Charles Ives’s rambling Concord Sonata, published in 1920, is a famously intractable, inaccessible piece. So difficult that certain chords can only be sounded by lowering a wooden plank onto the piano keyboard, it baffles, moves and astounds by turns. As with much of Ives’s more outré work, one wonders if he knew exactly what this near-unplayable music would ever sound like. Henry Brant’s orchestral reimagining of the work, written between 1958 and 2004, doesn’t solve any structural problems, but hearing Ives’s craggy dissonances played on loud brass is thrilling, and the homely introspection of the opening to The Alcotts nicely caught – listen out for the Beethoven quotations shortly afterwards. Brant’s orchestration is more polished and idiomatic than genuine Ives – listen to a bold performance of the Fourth Symphony and the effect should be wild and chaotic. But Brant’s orchestral colours mean that the piece sounds far more sophisticated – melodies emerge more clearly, and there’s a feeling of lightness and space.

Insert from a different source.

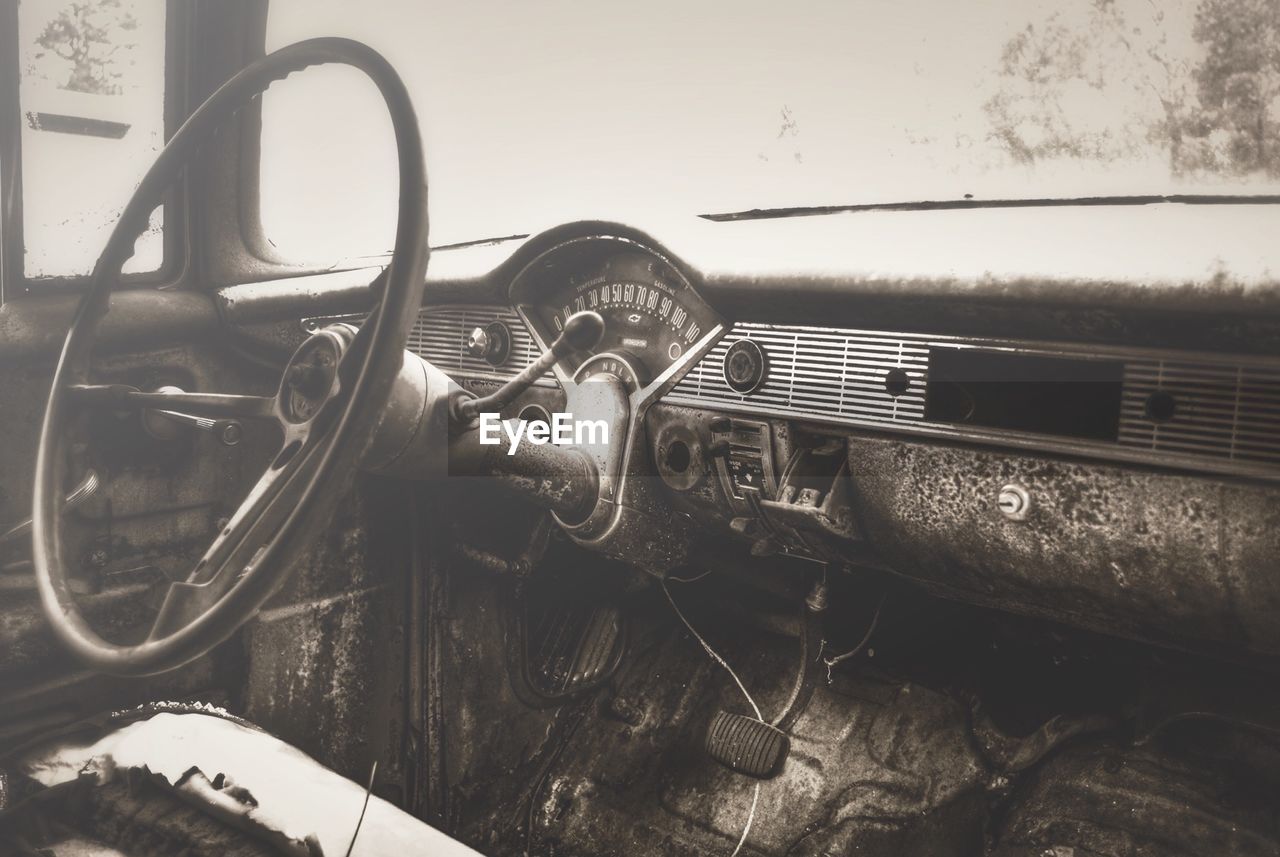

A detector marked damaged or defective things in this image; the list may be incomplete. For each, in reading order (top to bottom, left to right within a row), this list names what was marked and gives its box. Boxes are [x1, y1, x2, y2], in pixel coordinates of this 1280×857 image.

torn seat [7, 711, 483, 857]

Aaron Copland’s rarely heard 1925 Organ Symphony presents fewer problems, unless you’re expecting Appalachian Spring-style folkiness. Copland’s early music can be stark and angular – the more jagged writing here suggests skyscrapers rather than prairies. Copland treats his organ as an orchestral instrument, a beefed-up woodwind soloist. The quiet, pastoral opening leads into a swinging scherzo, but best of all is the longer final movement, its majestic close shocking, haughty and triumphant. Excellent performances and superb, natural-sounding production.

MahlerMahler: Symphony No 8 London Philharmonic Orchestra and Choir, London Symphony Chorus, vocal soloists/Klaus Tennstedt (LPO)

Mahler’s extravagant "Symphony of a Thousand" can only work when it’s led by a believer. Klaus Tennstedt’s live reading, taped by the BBC in 1991 in a Royal Festival Hall barely able to contain the sonic shockwaves released, is sensational – a Bernstein-style love-in which convinces on every level. There’s the London Philharmonic’s thrilling delivery – wonderful brass just about staying the course for 87 minutes, and the care with which Mahler’s frequently delicate colours are painted. The opening tutti roar is a stunner, but equally startling is the start of the first movement’s development, tubular bells punctuating string pizzicati and angular march figures in the winds. The movement’s final Gloria patri domino is overwhelming. It's such a surprise then to move to the chillier, Sibelian colours of the second movement’s orchestral prelude, played with devastating rawness by Tennstedt.

The choral sound is rich, weighty and believable, and Tennstedt’s vocal soloists are consistently inspired; I particularly enjoyed hearing Susan Bullock and Jane Eaglen soaring above the massed forces. It’s a work that needs to be heard in concert; this performance grips from the opening organ pedal through to those ecstatic ascending major ninths on trumpets.

mozartMozart: Symphonies Nos 39 & 41 English Baroque Soloists/Sir John Eliot Gardiner (SDG)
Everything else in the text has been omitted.